To native Mandarin speakers (NSs), how salient is tone vs other phonemic features?
The question comes up a lot for me, a non-native speaker (NNS), just because tone is an order of magnitude less salient. That is, if I miss any feature of a word, it’s almost sure to be the tone before, say, whether the beginning sound was a /ch/ or /s/.
But I’m pretty sure it doesn’t apply to NSs. An incident I heard about had the NNS mispronouncing shòu as shǒu when attempting to say “她很瘦” (she’s so thin). What came out, then, was “tā hěn shǒu” which was unhappily understood as “tā hěn chǒu” (她很丑 = she’s so ugly) by the NS.
Still, I have some vague intuition that NSs are more flexible on tone than on other features. In that vein, this quote in China Media Project caught my eye the other day. It’s referring to how an online commenter sneaks in a reference to the Nobel peace prize by substituting characters:
the user replaced the characters for “peace” + “prize”, or hépíng jiǎng (和平奖), with the same-sounding characters “crane” + “level” + “palm”, or hè píng zhǎng (鹤平掌). [tone marks added to original Pinyin]

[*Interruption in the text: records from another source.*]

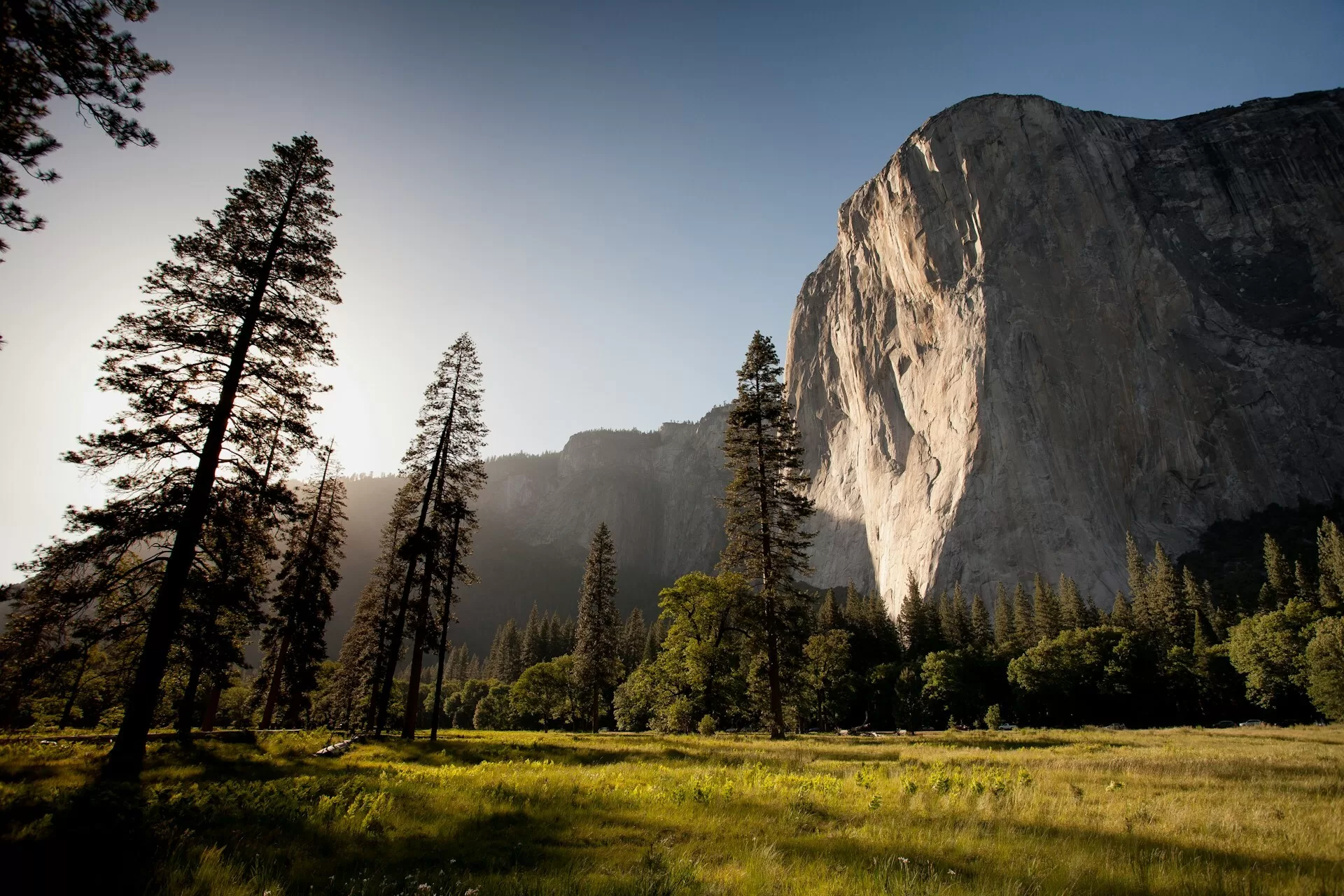 El Capitan in Yosemite National Park, een imposante granieten rotsformatie boven de vallei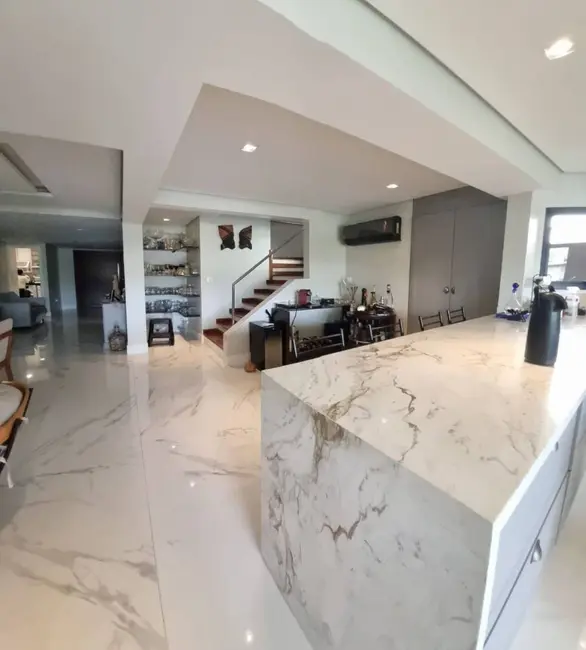 Foto 7 de Casa de Condomínio com 3 quartos à venda, 360m2 em Alphaville, Santana De Parnaiba - SP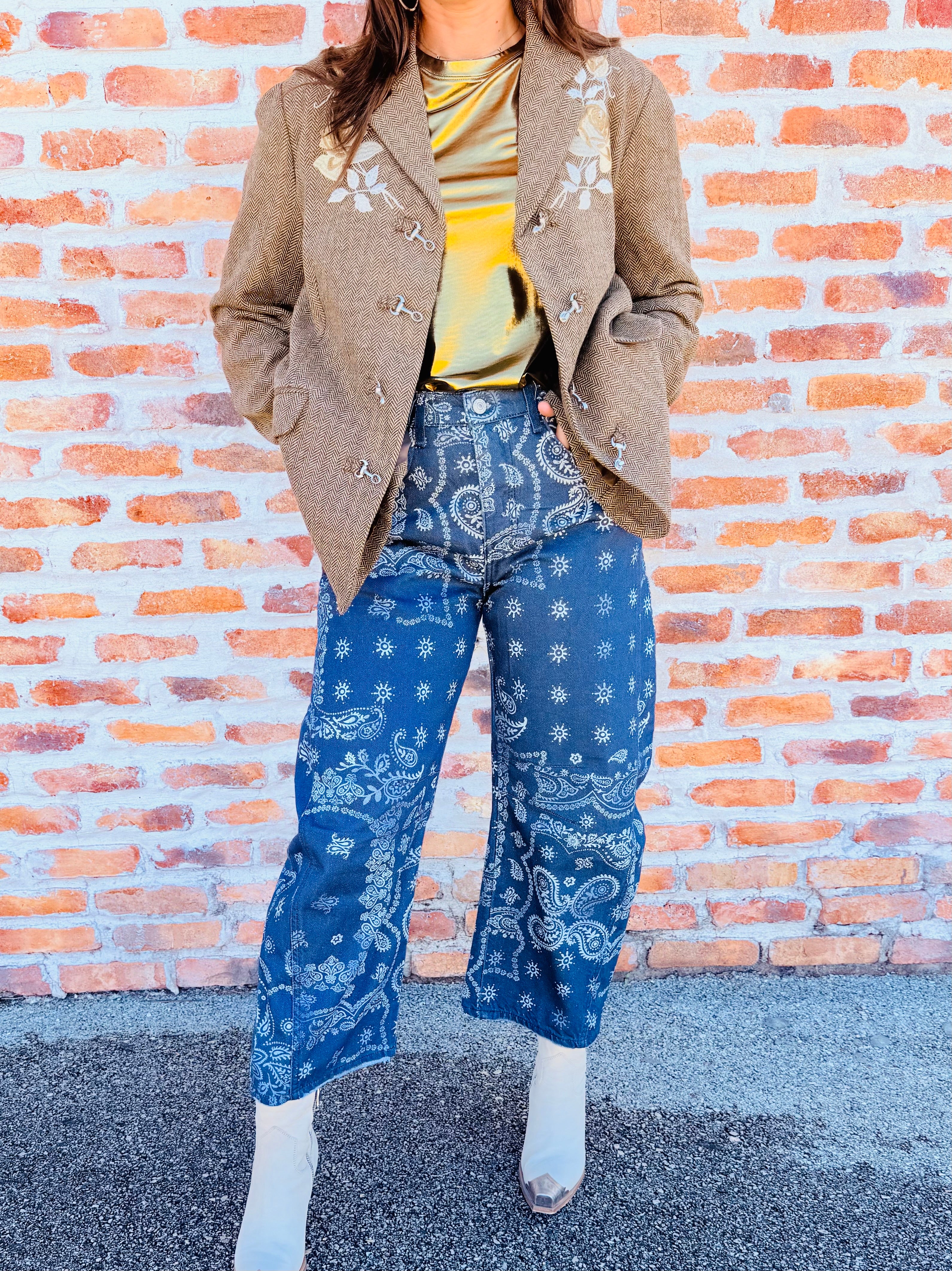 Good Luck Printed Barrel Jean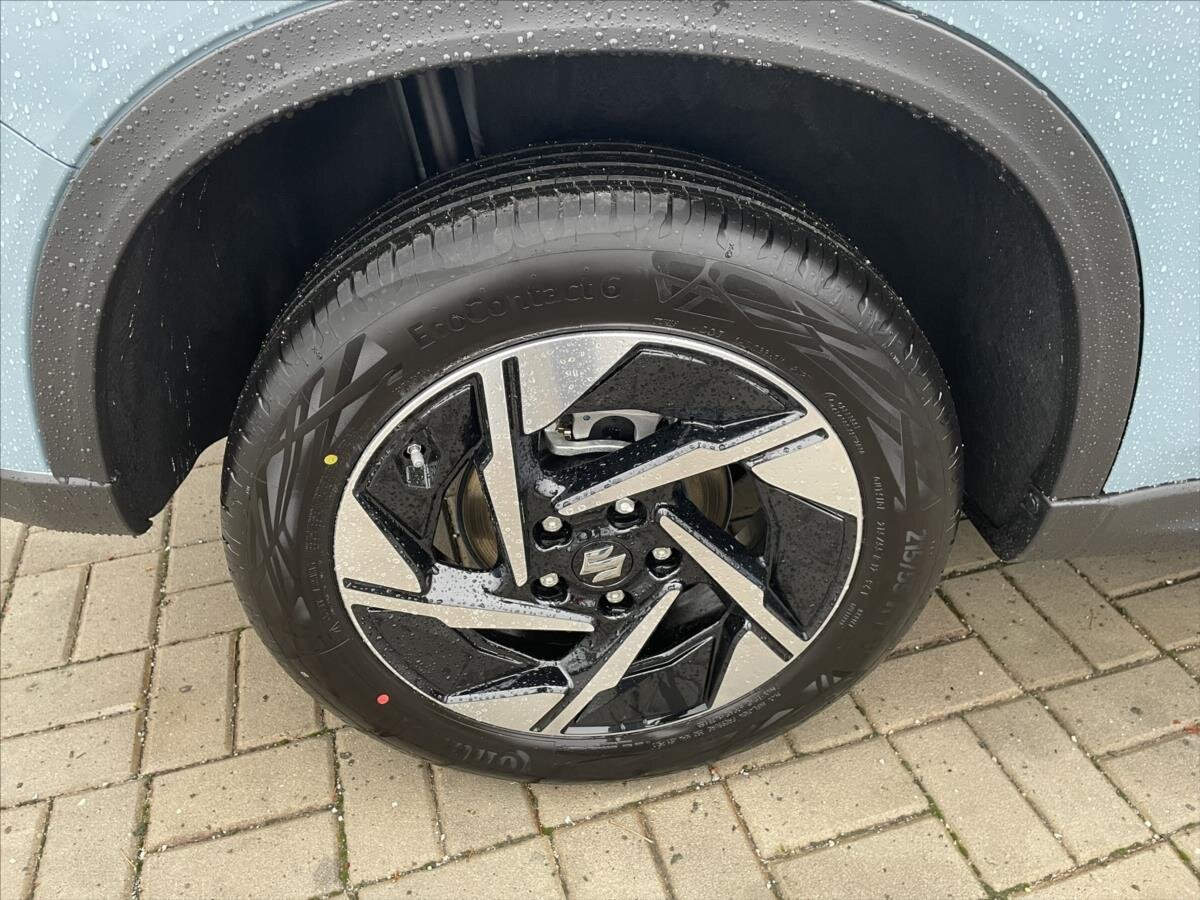 Suzuki Vitara SUV 1,4 l 81 kw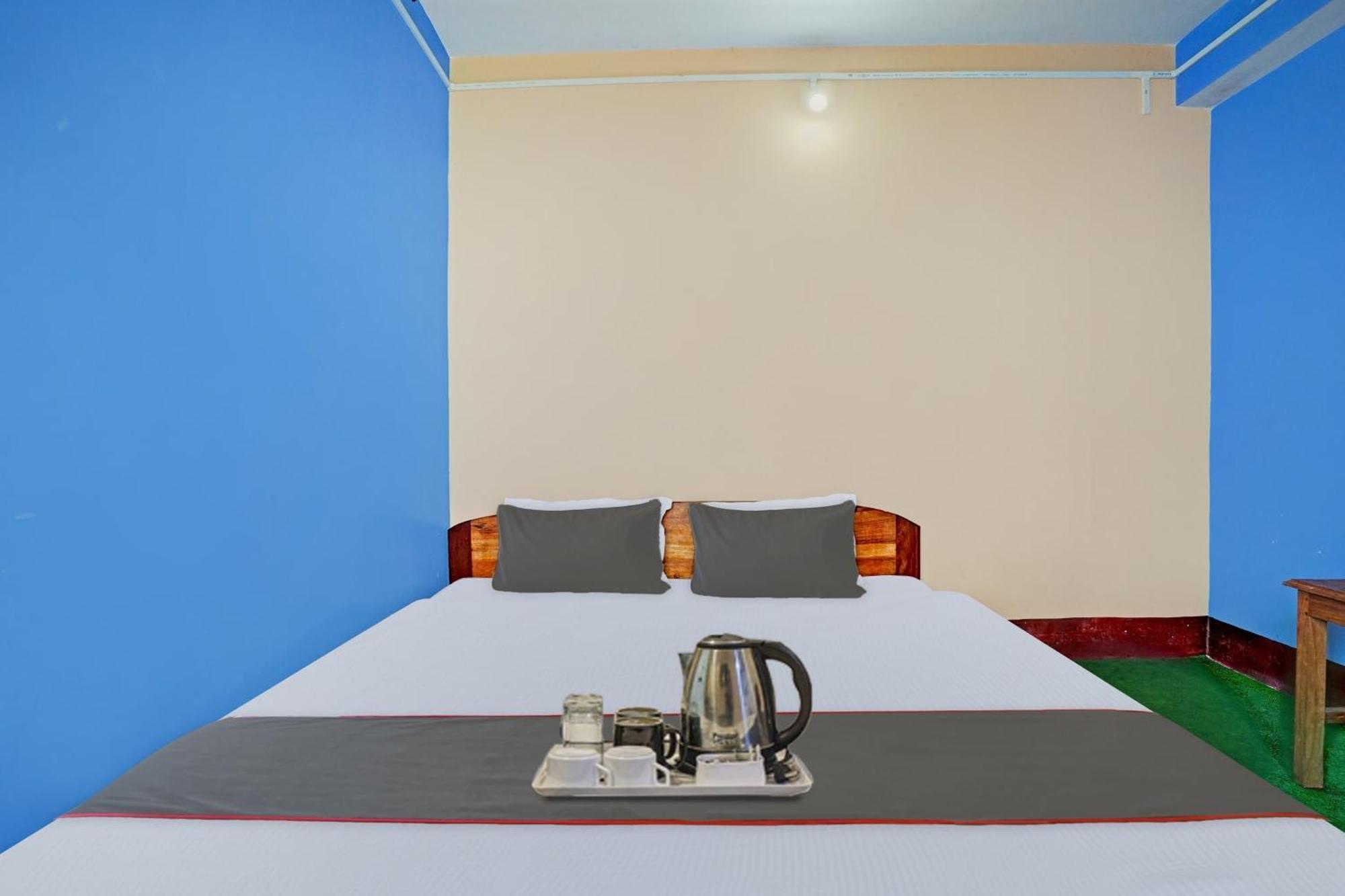 Capital O Basera Resort Padamchen エクステリア 写真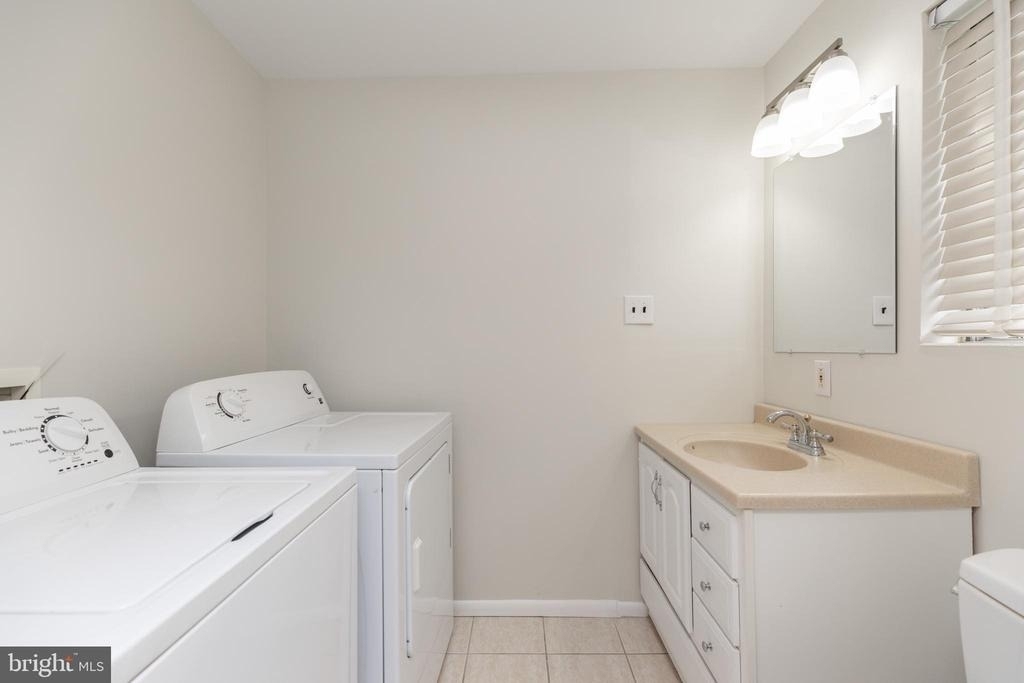 410 Woodlawn Avenue - Photo 19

So here we’ve got a tone switch with matching phonemes, hé vs hè, but we’ve also got a phoneme switch with matching tone: jiǎng vs zhǎng. This is new for me. Of the online puns I can think of off the top of my head, all rely on matching phonemes with mixed-up tones, e.g. cǎo ní mǎ. But new-to-me doesn’t mean much. Anyone else have examples of phoneme-switching-tone-preserving puns?